SQL – Cursor and Batching

Somewhat surprisingly, batch processing stays as one of the most gaping holes in DB power-users’ knowledgebases… Processing records one by one, searching, fetching, updating- they seem to be fine with all of this no matter the type of the DB, but there is something about batching that many do not seem to grasp. What’s worse, is that they don’t even KNOW that they are really missing out…

Oh, do all of the records one by one, I can do that…I think…will just take a very long while, but guess I’ll live.

Seriously? Why not just do all at the same time, quickly, easily, and with minimal impact? And, if you cannot do that for some reason (or fear drastic impact), then at least put it on a loop, how hard is that?

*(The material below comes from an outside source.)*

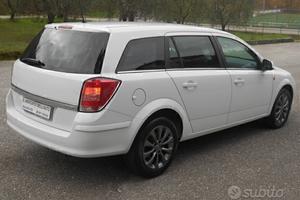 ASTRA S.W.1.7cdti(AUTO NUOVA:FERMA dal 2014)6marce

Working with MS SQL I find 3 approaches to be the most useful:
1. Full batch (aka “all at once”)

UPDATE
    ATable
SET 
    AColumn = 'SOMENEWPREFIXVALUE' + AColumn
WHERE
    AColumn = 'SOMEVALUE'

2. Loop batch (aka “in chunks”)

DECLARE @COUNT INT = 1000
SELECT
    'Starting The Loop...'
WHILE @@ROWCOUNT > 0 
    BEGIN
        UPDATE
            ATable
        SET 
            AColumn = 'SOMENEWPREFIXVALUE' + AColumn
        WHERE
            ID IN (SELECT TOP (@COUNT)
                    ID
                   FROM
                    ATable t (NOLOCK)
                   WHERE
                    t.AColumn = 'SOMEVALUE')
    END

3. Cursor (aka “one by one”)

DECLARE
    @ID INT,
    @ImportantValue VARCHAR(50)
DECLARE itrCur CURSOR
FOR
SELECT ID,AColumn
FROM
ATable t (NOLOCK)
WHERE
t.AColumn = 'SOMEVALUE'
OPEN itrCur
FETCH NEXT FROM itrCur INTO @ID,@ImportantValue
WHILE @@FETCH_STATUS = 0 
    BEGIN
        UPDATE
            ATable
        SET 
            AColumn = 'SOMENEWPREFIXVALUE' + @ImportantValue
        WHERE
            ID = @ID
        WAITFOR DELAY '00:00:01' ;
        FETCH NEXT FROM itrCur INTO @ID,@ImportantValue
    END
CLOSE itrCur
DEALLOCATE itrCur

Many seem to be set on one and use it everywhere, but as you can guess by now- I do believe that all 3 have advantages and all 3 have major flaws. Knowing about them will allow one to choose the right tool for the right occasion and if nothing else, be proud of what is put out there.

1. Full

    • Scary and immediate
    • Potential for indefinite locks
    • Rollback on cancellation may take even more time or be even completely unavailable
  • +
    • All at once means all-at-once chunk for logs and replication (may be a (-) if the HW/system was not set-up to handle this)
    • quick and easy (assuming proper query/indexing/etc)

2. Loop

    • Still scary
    • Still issues w/locks and rollbacks if the batch size is too big
    • “Manual” rollbacks (on cancel) are possible for the last ran batch only
    • Multiple chunks for logs/replication to process (may be a (+) if the system is not so up-to-par)
    • Looks uncool
  • +
    • (Almost) all the positives of the full batch
    • A bit more control over locks and rollback
    • Ability to manually stop at any time with only partial apply
    • Still quick and fairly easy

3. Cursor

    • Rollbacks not possible
    • N number of lines for logs
    • N number of lines for replication to process (may be a (+), but rarely)
    • N number of hits against the table (albeit cursor takes care of caching the select part)
    • Very slow (especially w/the artificial delay)
    • Definitely not pretty
  • +
    • Minimal lock and no rollback issues
    • Not much thinking/optimization necessary